Here’s how those styles break down:

    • The Prioritizer. Known for deep critical thinking skills and approaching problems and projects in analytical and logical ways, Prioritizers are masters at tackling tasks in precise order and using time effectively. Incredibly goal-oriented, Prioritizers tend to use jargon and buzzwords, and prefer to receive info in brief, concise ways.


    • The Arranger. Arrangers are great team players, who pool the strengths and efforts of multiple people to get the job done. They’re “feelers”—expressive, supportive, and emotive— who intuit when instructing and making decisions. Arrangers are great at using their powers of persuasion, and are turned off by data-driven approaches to solving problems.


    • The Planner. Planners love to get super deep into details and have a sequential, step-by-step mode of working.

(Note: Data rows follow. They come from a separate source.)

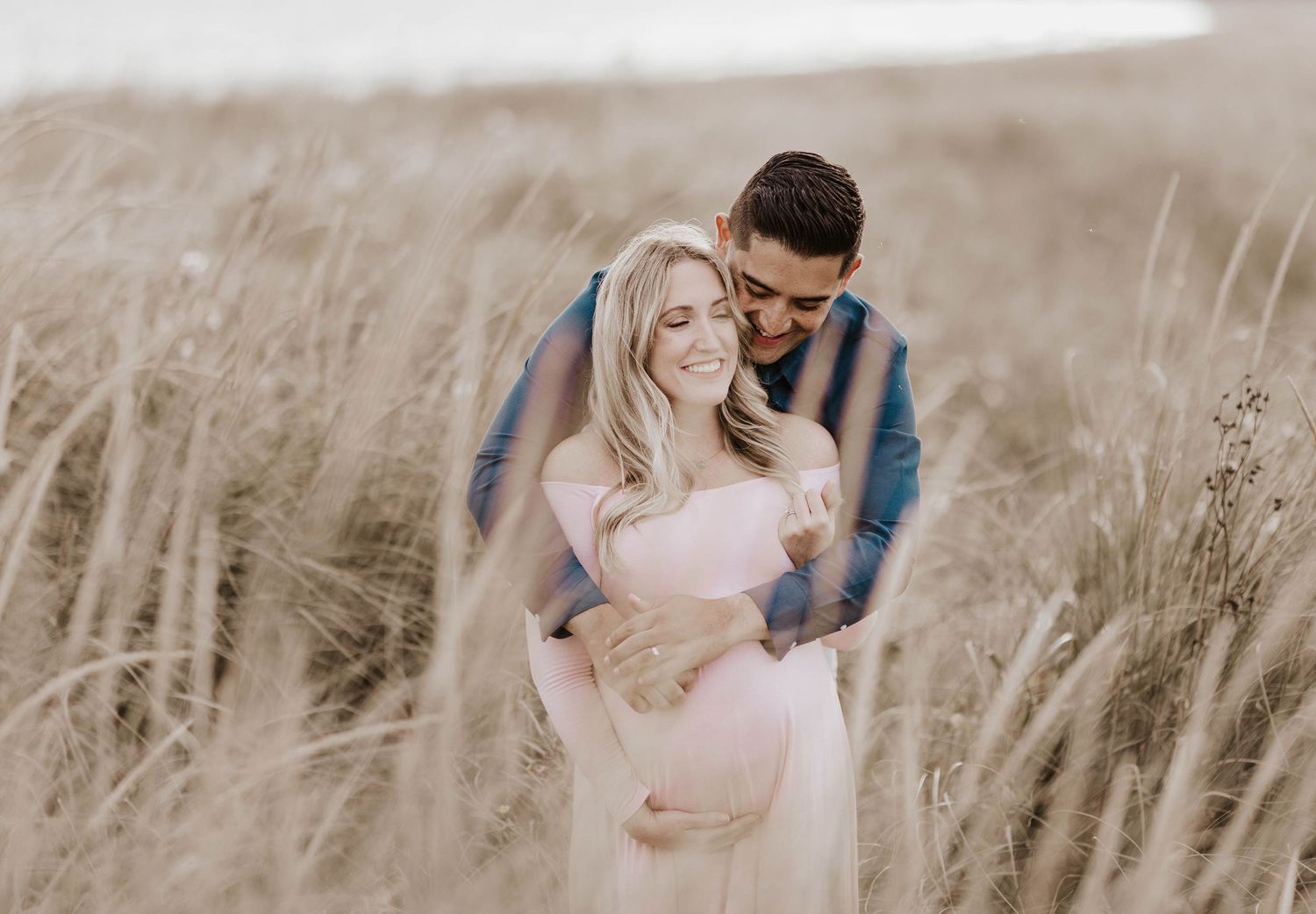 Romantic maternity photos in tall grass field at golden hour.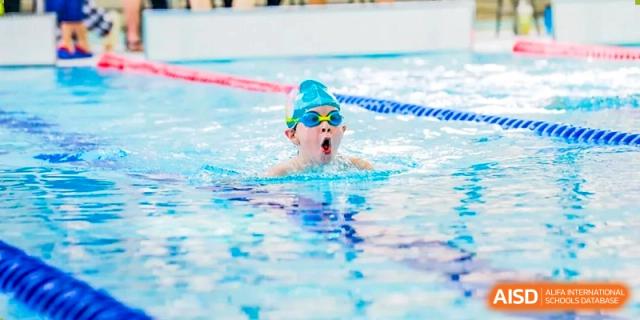 A young student from Changchun American International School (CAIS) swimming in the pool during a practice or lesson.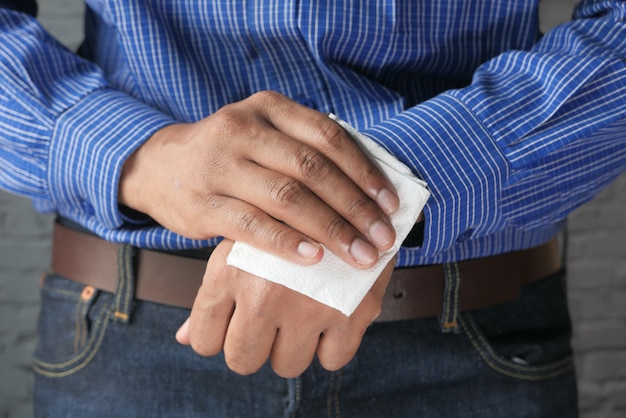 L'homme nettoie les mains avec une lingette humide antiseptique.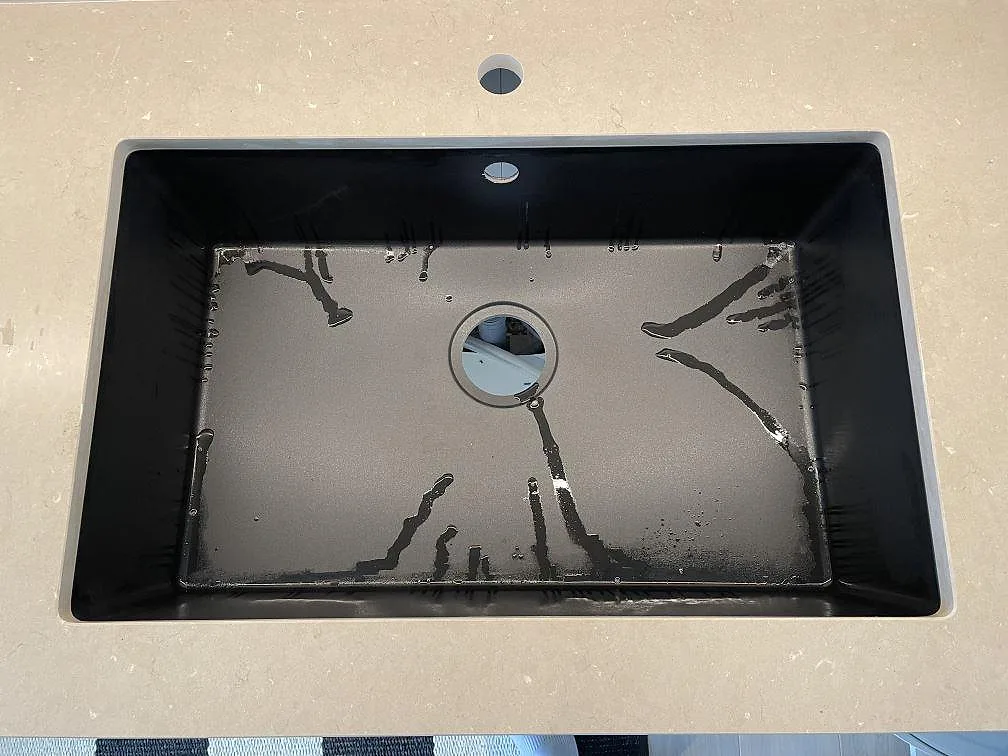 Svart underlimmad diskho med blandarhål i en matt Silestone Coral Clay bänkskiva i Höllviken.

They know just how to allocate the proper amount of time to tasks, and are naturals at creating realistic and succinct project timelines. While last-minute requests annoy just about everyone, they can really throw Planners off track.


    • The Visualizer. Visualizers are amazing at synthesizing information and seeing the big picture when working toward creative solutions; they don’t like to get bogged down by a lot of details. Visualizers are innovative, extremely open-minded, and willing to take risks and constantly challenge the status quo.

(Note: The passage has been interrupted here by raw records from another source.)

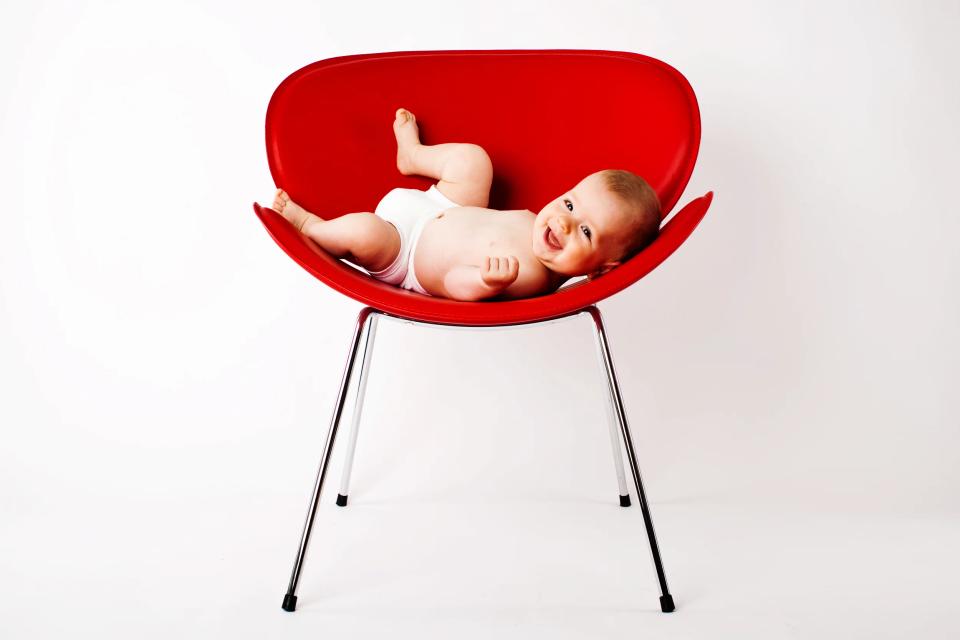 Glad baby i hvid ble liggende i en rød skalstol mod en lys baggrund. Følelse af glæde og leg iver.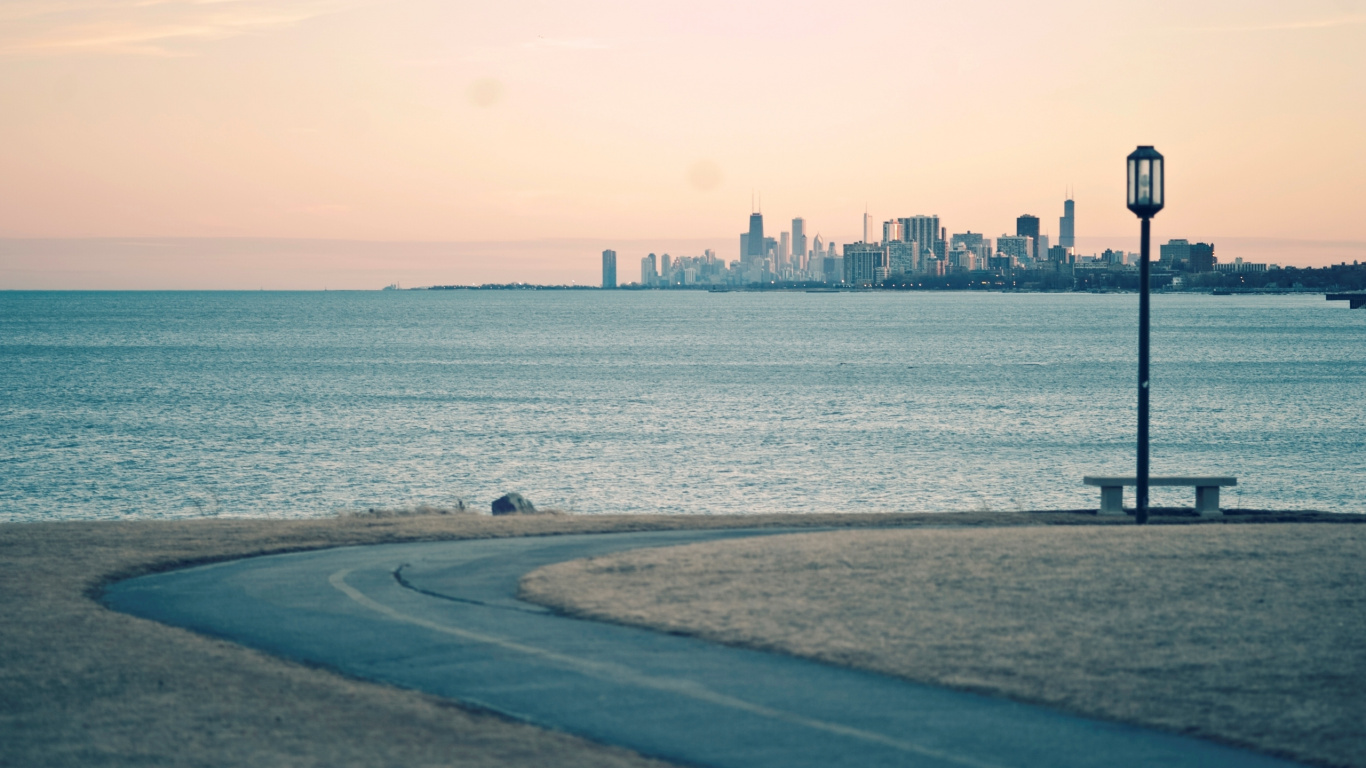 Body of Water Near City Buildings During Daytime. Wallpaper in 1366x768 Resolution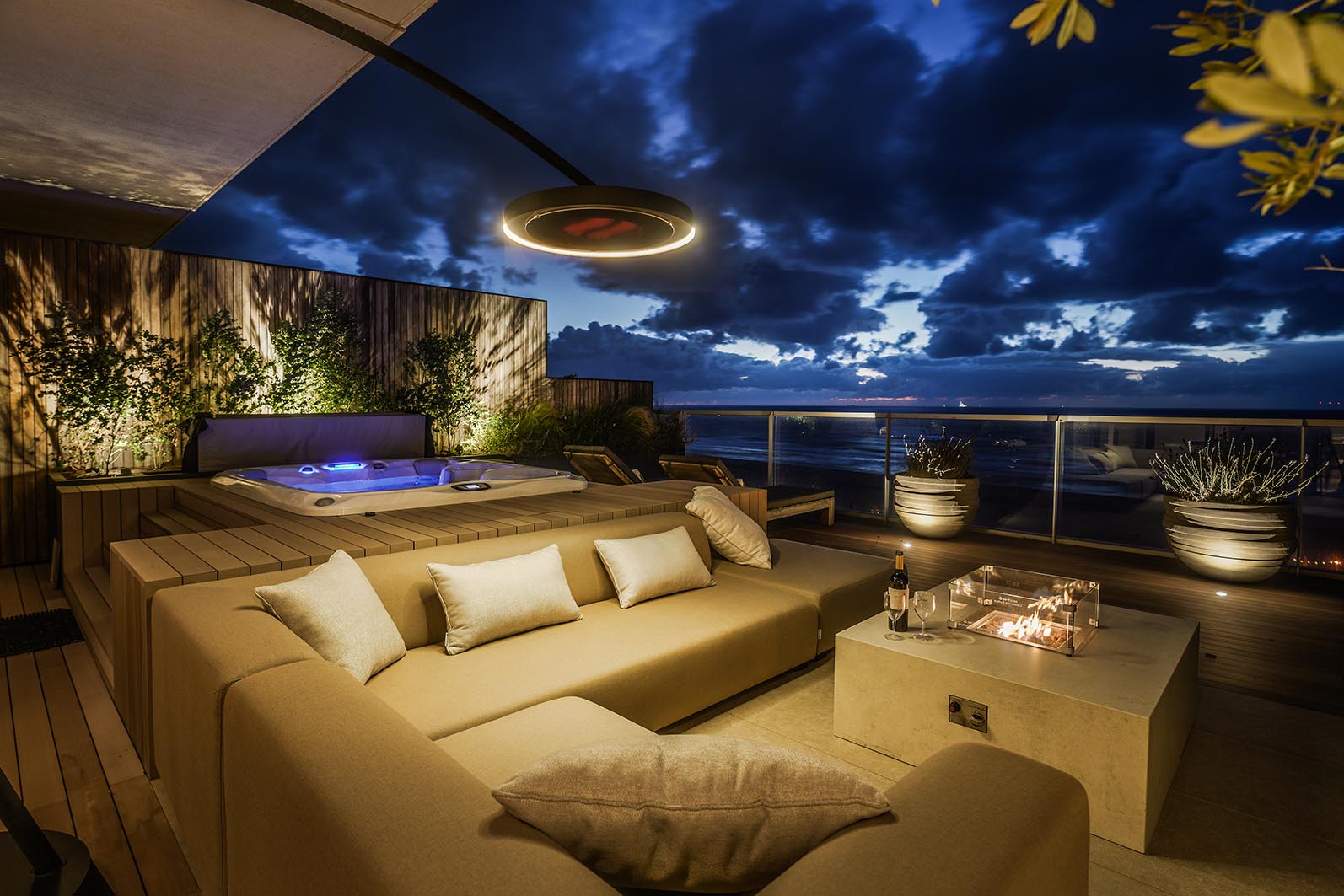 Daktuin Kijkduin in de avond met sfeerverlichting en de luxe loungehoek met uitzicht over zee.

Now that you know your own Productivity Style and the traits behind each, here are four ways you can align your strengths with your style to position yourself for career success:

1. Work smarter with peers and higher-ups

If you tend to have “a-ha!” moments that help you solve problems or discover really smart strategies, colleagues with productivity styles and challenges similar to yours might benefit from your knowledge. For example, if you’re a product manager, try managing up to see if you can implement a department-wide process or a new project management tool. If you work on a team with people who have styles dissimilar to yours, suggest ways to help them align their own styles with their tasks. For example, if your team is coming up on a product launch deadline, suggest working in longer stretches of non-interrupted, focused blocks of time.

2. Tame the email beast

Managing emails can slow down even the most efficient worker. But if you learn to manage them according to your productivity style, you’ll save time and up your effectiveness. “Sending and responding to emails takes a lot of time and energy. But when properly managed, email communication can provide quick substantial wins,” says Tate. So, if you’re a Prioritizer, check emails during low-productivity times; if you’re a Planner, designate specific times; and if you’re a Visualizer, avoid distraction by closing your email app during certain times of the day.

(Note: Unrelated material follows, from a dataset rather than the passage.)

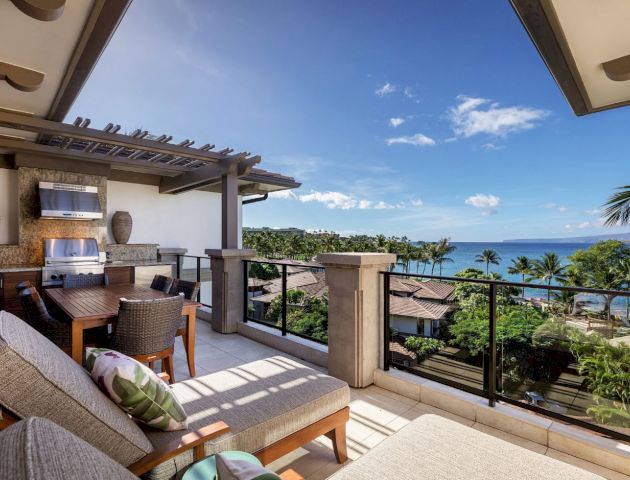 A luxurious terrace overlooking the ocean, featuring lounge chairs, a dining table, and an outdoor kitchen area under a pergola.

Recommended: Want To Be Happy At Work? Here’s How to Find Purpose.

3. Negotiate for what you need

Put your savvy negotiation skills to use by asking for what you need to produce high-quality work according to your style. For instance, if you’re a lawyer who’s a Visualizer, ask for a whiteboard to envision ideas, stay organized, and assess your role on a particular case. “Time is a commodity—it’s more precious than the dollars in your wallet, and it’s to be invested in ways that provide the highest returns for you,” says Tate.

4. Seek a workplace culture that showcases your strengths

If you’re job hunting, look for a company culture that plays into your strengths and helps you perform at your very best each and every day. “When you leverage the strengths of your productivity style with your work culture, you can work in the impactful ways and achieve the greatest results,” says Tate.” For instance, if you’re a Visualizer, look to join a company that’s open to new ideas and taking risks. If you’re a Planner, seek a job that values your attention to detail and your amazing ability to come up with a purposeful project roadmap. If you’re an Arranger, look for work environments in which team work is the norm, and effectively running meetings among stakeholders is crucial. Getting their buy-in will play right into your supportive nature and identifying who on the team will be best at what tasks.

When you leverage the strengths of your productivity style with the responsibilities of your role, you’ll have the maximum impact at work and generate the results you want to deliver.